À la Coalition, lorsqu'il s'agit d'un projet de loi émanant d'un député, nous avons une tradition, c'est d'avoir un vote libre. En ce moment, il est intéressant d'entendre ce que les députés du Bloc, du Nouveau Parti démocratique et de tous les partis nous disent.

Également, ce qui est important, ce qui a été bien fait et, honnêtement, cela donne beaucoup de crédibilité à la démarche, c'est que la Société nationale des Acadiens a quand même demandé de regarder toute la question historique. À mon avis, cela a été bien fait.

Au début, on se souviendra qu'on avait peur des méchants séparatistes.
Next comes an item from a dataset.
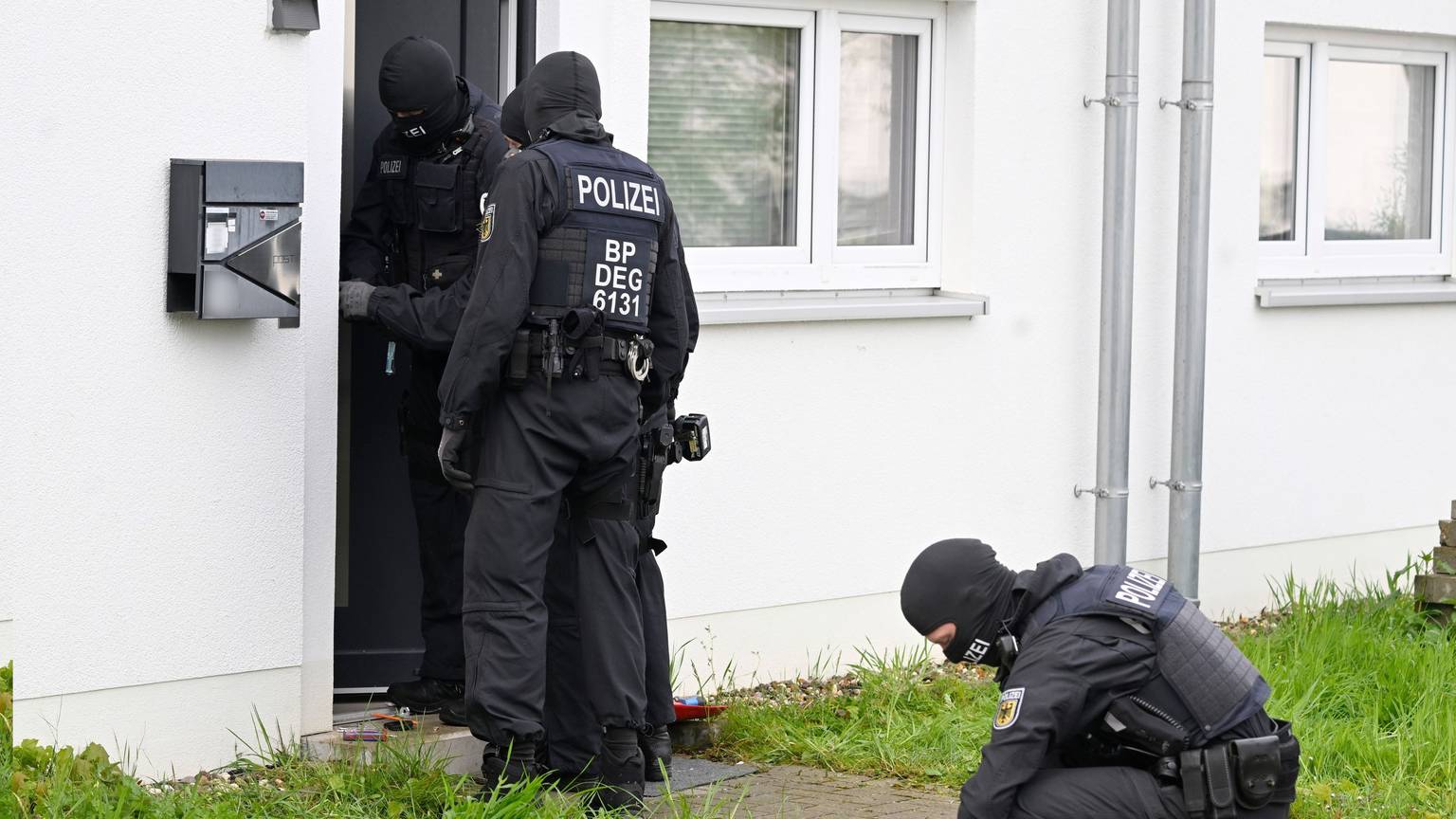 18.04.2024, Nordrhein-Westfalen, Düren: Polizisten durchsuchen in der Nähe der Innenstadt Wohnungen und Häuser im Rahmen einer Razzia gegen Schleuserkriminalität. (zu dpa: «Razzia gegen Schleuser in NRW fortgesetzt») Foto: Roberto Pfeil/dpa +++ dpa-Bildfunk +++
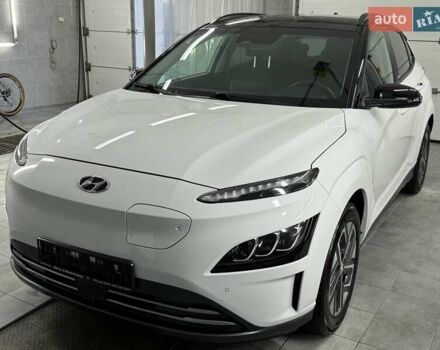 Белый Хендай Kona Electric, объемом двигателя 0 л и пробегом 52 тыс. км за 17599 $, фото 1 на Automoto.ua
Même du côté de la Coalition--elle n'existait pas à ce moment-là--on disait: «Ah, c'est un méchant séparatiste.» Alors, ils ont un agenda caché. Peut-être que le député de Verchères--Les-Patriotes a un agenda caché. Cela se peut, mais c'est son problème. Mais il reste qu'il faut regarder la motion telle qu'elle est et il faut également lever notre chapeau au député du Bloc qui s'est rendu en Acadie pour rencontrer les gens.

Si j'avais des doutes sur l'honnêteté intellectuelle de la motion--non pas du député, mais de la motion--je pense que le peuple acadien a fait un travail remarquable. Là-dessus, cela m'enlève un poids de justification.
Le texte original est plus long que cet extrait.